--- DATA FOR PROCESSING ---

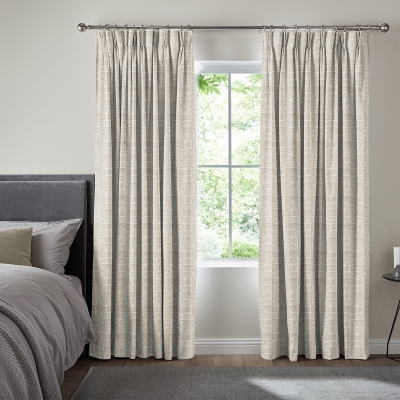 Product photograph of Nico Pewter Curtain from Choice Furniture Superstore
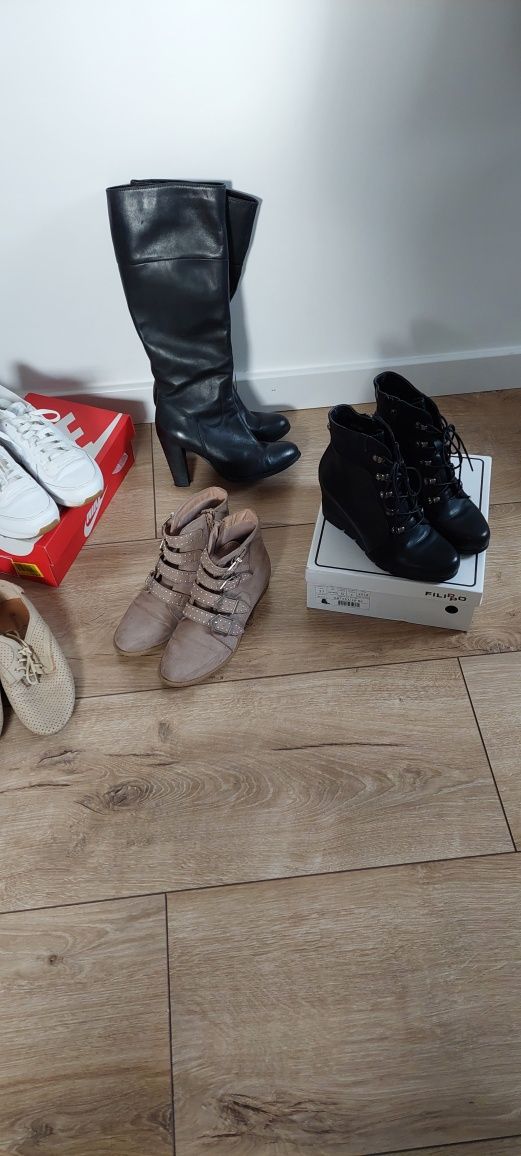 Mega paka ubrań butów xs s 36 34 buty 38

---
--- DATA FOR PROCESSING ---

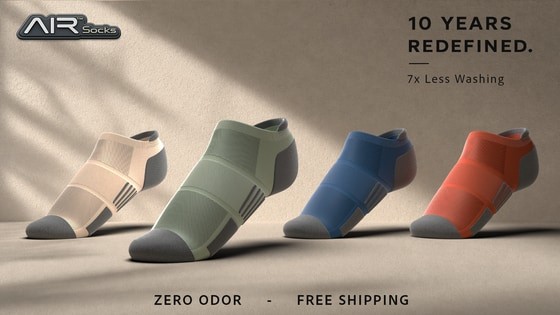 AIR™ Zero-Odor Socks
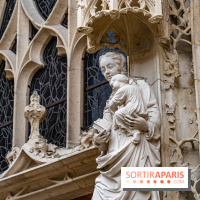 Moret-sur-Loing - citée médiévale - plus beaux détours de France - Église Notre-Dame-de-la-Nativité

---

WHAT YOU NEED TO DO> Make an exact copy of the lines above, beginning with the line with "AIR™ Zero-Odor Socks" and ending with the line with "Moret-sur-Loing - citée", and keep the pictures out of it.

RESPONSE BOX>
 AIR™ Zero-Odor Socks
 Moret-sur-Loing - citée médiévale - plus beaux détours de France - Église Notre-Dame-de-la-Nativité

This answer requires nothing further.